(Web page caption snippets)
========================

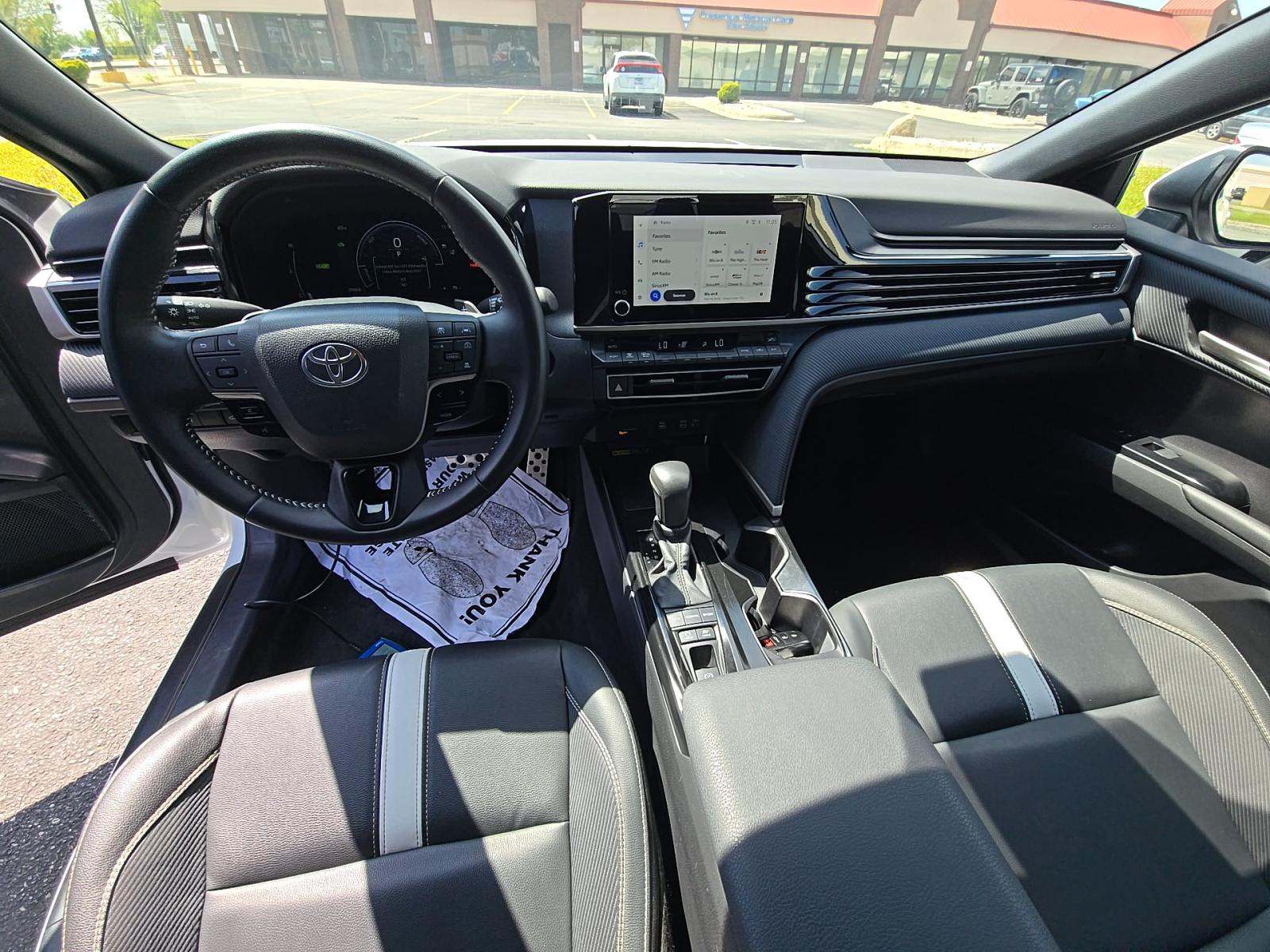 TOYOTA CAMRY - 10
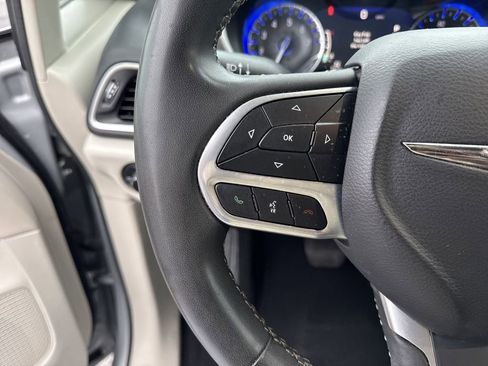 Used 2023 Chrysler Pacifica Touring-L image 24
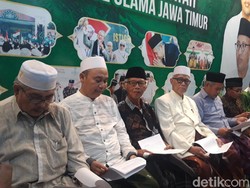 MUI Jatim Imbau Tak Salam Semua Agama, Ini Sikap PWNU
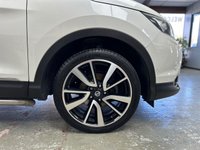 USED 2014 14 NISSAN QASHQAI 1.5 dCi Tekna SUV 5dr Diesel Manual 2WD Euro 5 (s/s) (110 ps) Tekna Top Spec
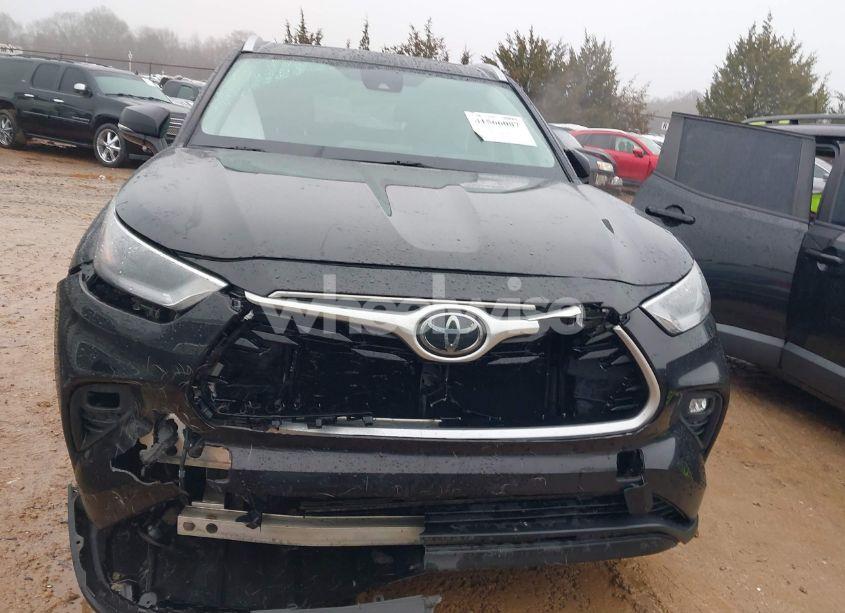 Photo 12 of 2021 Toyota Highlander XLE (VIN 5TDGZRAH9MS039752)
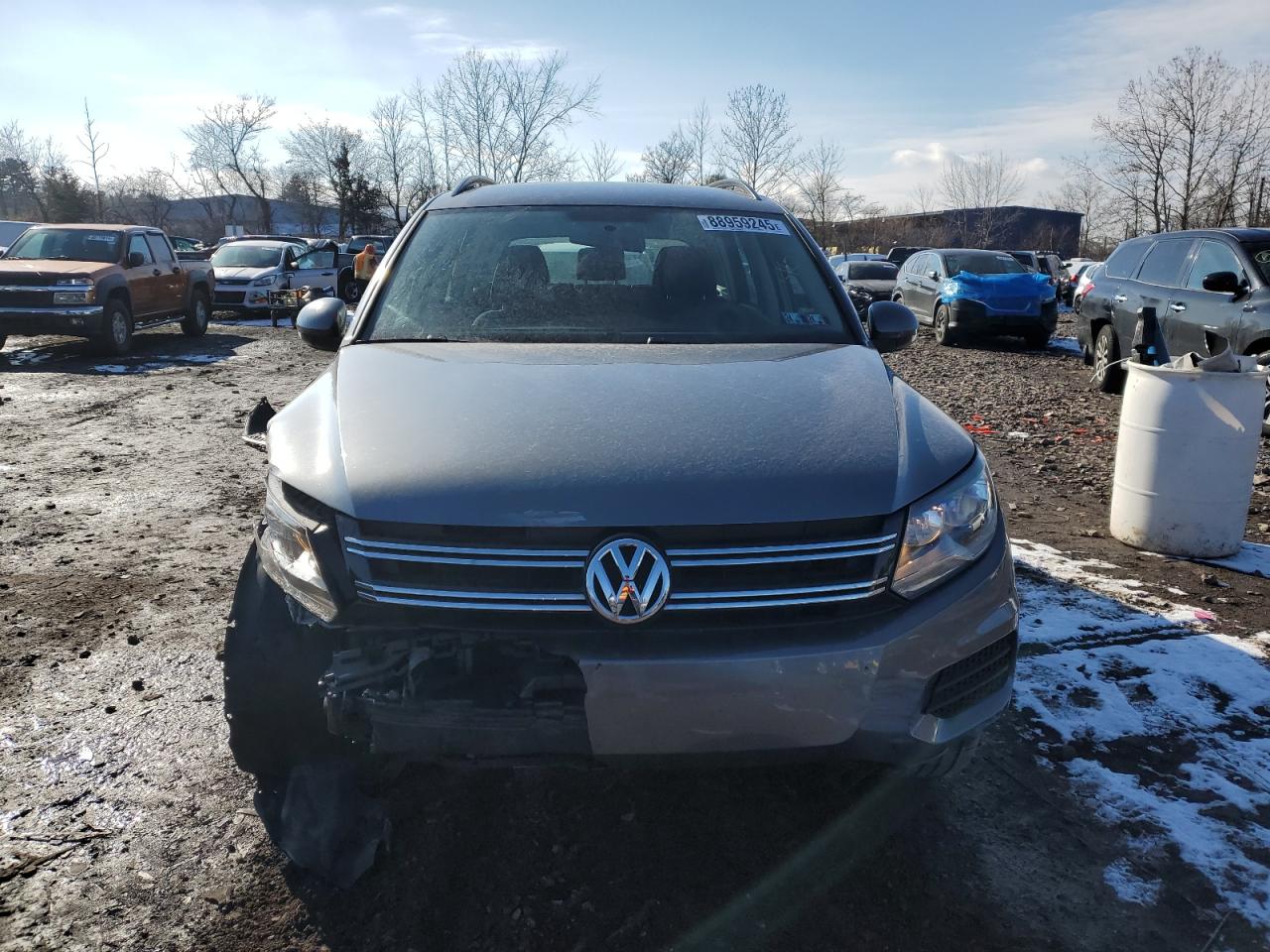 2018 Volkswagen Tiguan - Image 5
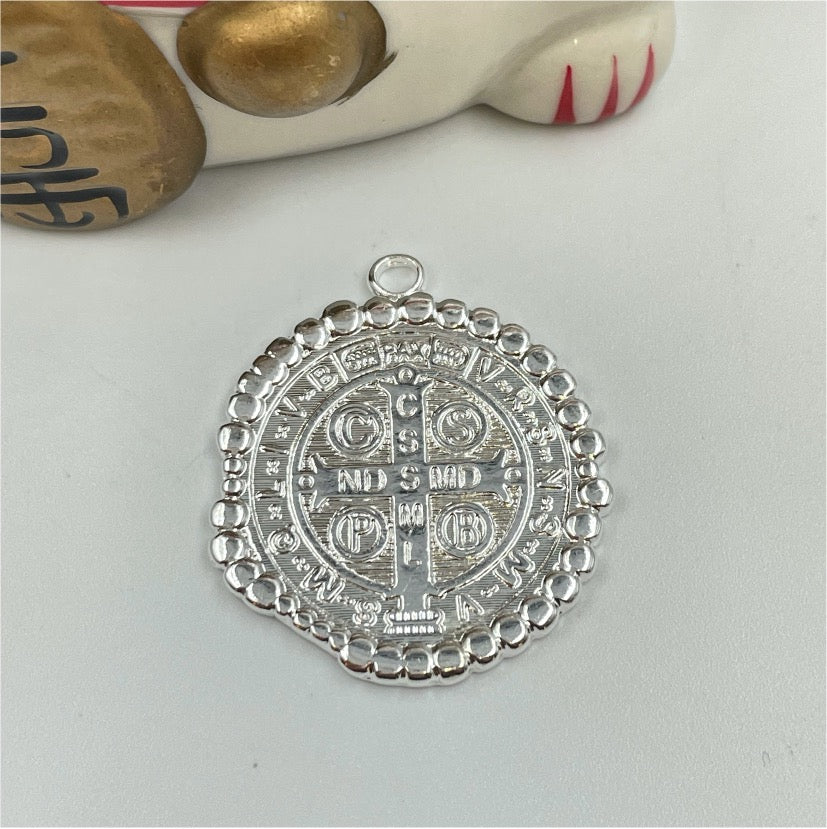 FP743 Colgante San Benito forma irregular 28 mm más argollita (solo cruz) Figura Baño Plata Figuras Bañadas en Oro y Plata hecho de Bronce Bañado en Plata 50 ml Joyas Bañadas en Plata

========================

**TASK TO CARRY OUT**: Apart from the pictures, every line of the data above should be given again exactly.

**ANSWER SPACE**:
 TOYOTA CAMRY - 10
 Used 2023 Chrysler Pacifica Touring-L image 24
 MUI Jatim Imbau Tak Salam Semua Agama, Ini Sikap PWNU
 USED 2014 14 NISSAN QASHQAI 1.5 dCi Tekna SUV 5dr Diesel Manual 2WD Euro 5 (s/s) (110 ps) Tekna Top Spec
 Photo 12 of 2021 Toyota Highlander XLE (VIN 5TDGZRAH9MS039752)
 2018 Volkswagen Tiguan - Image 5
 FP743 Colgante San Benito forma irregular 28 mm más argollita (solo cruz) Figura Baño Plata Figuras Bañadas en Oro y Plata hecho de Bronce Bañado en Plata 50 ml Joyas Bañadas en Plata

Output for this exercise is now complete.